The policy has always existed, but has not been strictly enforced, said administrator Linda Wanner. Prior to the announcement, from 20 to upwards of 60 students were found as late as 6:00 p.m., according to building-service and security personnel.
Security guards Jose Segura and Steve Miller currently stay after school until 5:00 p.m., while the rest of security staff leaves around 3:30 p.m. When Segura and Miller leave, however, building-service workers must deal with any stray students. "Building services is a catch-all for everything. When the school day ends, we're the security," building-service manager James Brown said.
With students hanging around unsupervised, Brown said, the situation is unsafe. Four to five years ago, a homeless person tried to assault a female building-service worker in a closet, according to Brown. Even students who are not doing anything harmful can surprise workers who believe the school building is empty. "It startles you," Brown said.
Security Team Leader Ed Reddick said theft is sometimes a problem after school as well.
Since the announcement, security and building-service personnel have noticed fewer students staying after school unsupervised. Building Service Night Manager Harold Walker said he estimates the change will only be temporary without continued enforcement. Brown added that recent nice weather could also be a factor in fewer students staying after school.
A building-service worker who wished to remain anonymous said the change was long overdue. "We can't get our job done. It's more about security than cleaning," he said.
Some students who were kicked out of the school believe the new enforcement is unfair.
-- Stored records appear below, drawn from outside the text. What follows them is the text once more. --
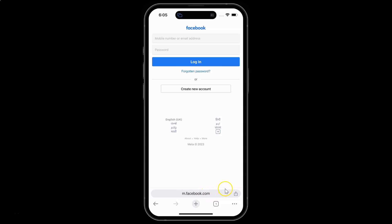And you can see my Google Chrome's address bar is now at the bottom of the screen.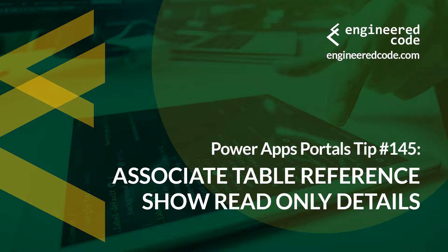I hope you found Power Apps Portals Tip number 145 on associate table reference show read-only details useful.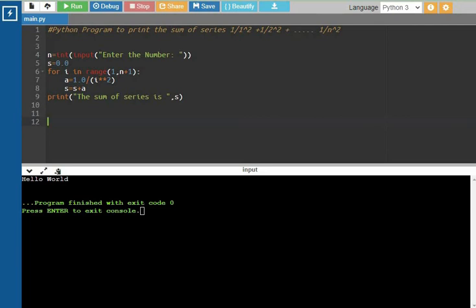Next, i equals 2. The condition is true. So a = 1/2² = 1/4. Then s = s + a, which is already 1 plus 1/4. So s equals 1 + 1/4.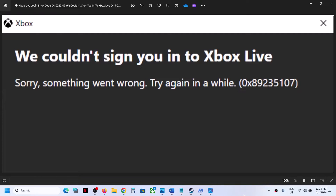Hello guys, whenever you launch any Xbox Game Pass game from Microsoft Store or Xbox app, or if you are unable to log into Xbox app or Microsoft Store because of this error — 'We couldn't sign you in to Xbox Live' — error code 0x89235107, then please follow the steps shown in this video.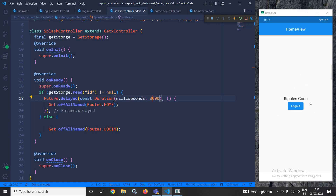You can see that from the splash it moves to the home view, and if the user is not logged in then the user will be redirected to the login screen. I hope you enjoyed my video. If you enjoyed it, please subscribe to my channel. Thank you so much for watching.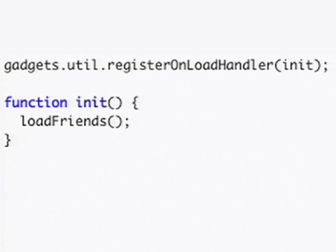We're going to begin by writing a register onload handler function that calls a function init, which calls the function load friends to load our list of friends.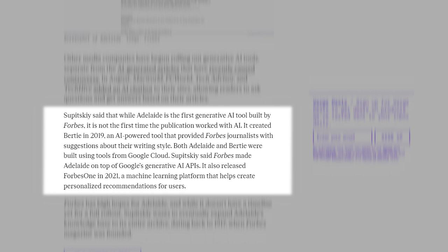Supetsky said that while Adelaide is the first generative AI tool built by Forbes, it is not the first time the publication worked with AI. It created Birdie in 2019, an AI-powered tool that provided Forbes journalists with suggestions about their writing style. Both Adelaide and Birdie were built using tools from Google Cloud.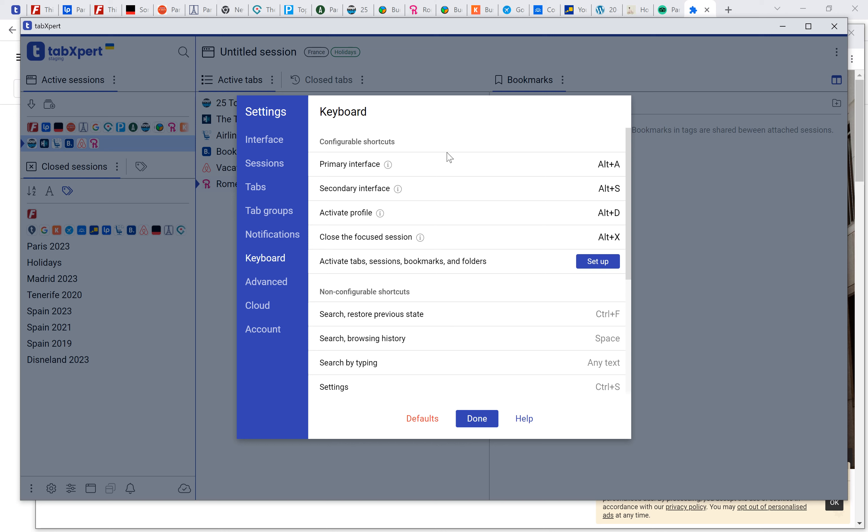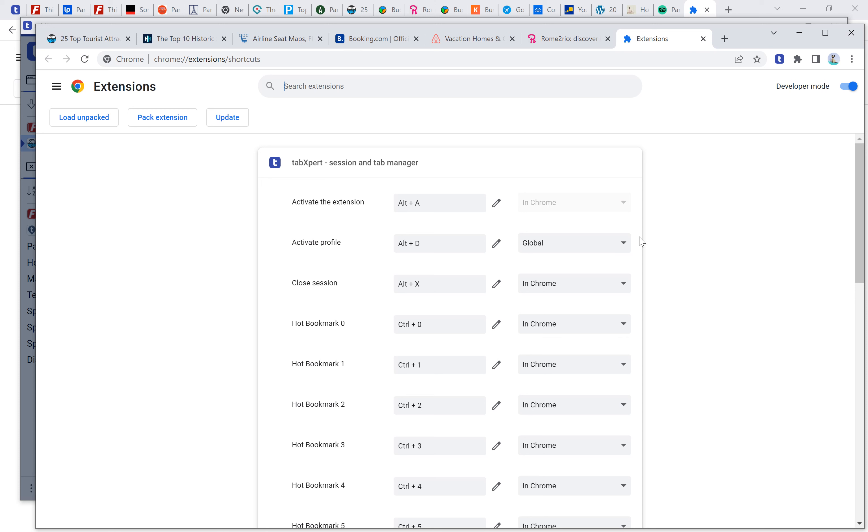So first, your primary and secondary interface should be assigned to some shortcuts. If you work in multiple profiles, you can switch between profiles. Just please do not forget to set that it's a global setting.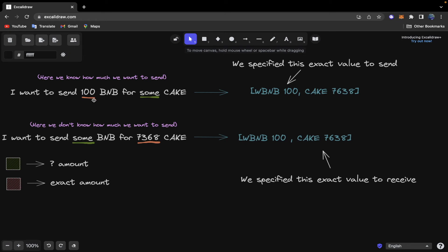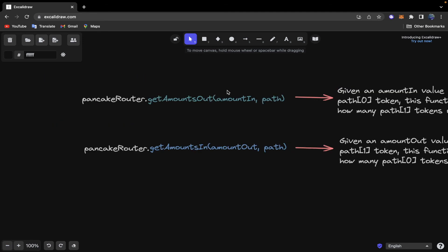For the getAmountsOut function, if we specify 100 BNB as the amountIn and our path array is BNB as the first token and CAKE as the second token, then the function will return an amounts array where the first element is 100 — that's 100 wrapped BNB, how much we send — and the second element will be 7638 CAKE, showing how much CAKE we receive. For the getAmountsIn function, if we specify that the amountOut argument is that number of CAKE and the path array has wrapped BNB as the first element and CAKE as the second, the function returns the same result: 100 BNB and that number of CAKE.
SGA President Denise Sylla said the first announcement threatening police action made students feel unwanted at the school. Since then, the announcement has been changed so that it only reminds students to leave if they are not in a school-sponsored activity, without mentioning any consequences.
Wanner said the initiative is not intended to make students feel like they cannot be at school. "We love kids in the building," she said. "But they need to be with an adult. It's a worry."
Izaak Orlansky. Izaak Orlansky is a senior in the Communications Arts Program. His hobbies include cross-country running, swimming, and singing in the spring musical. Izaak is also a big fan of the Yankees, and likes playing with big fluffy dogs. More »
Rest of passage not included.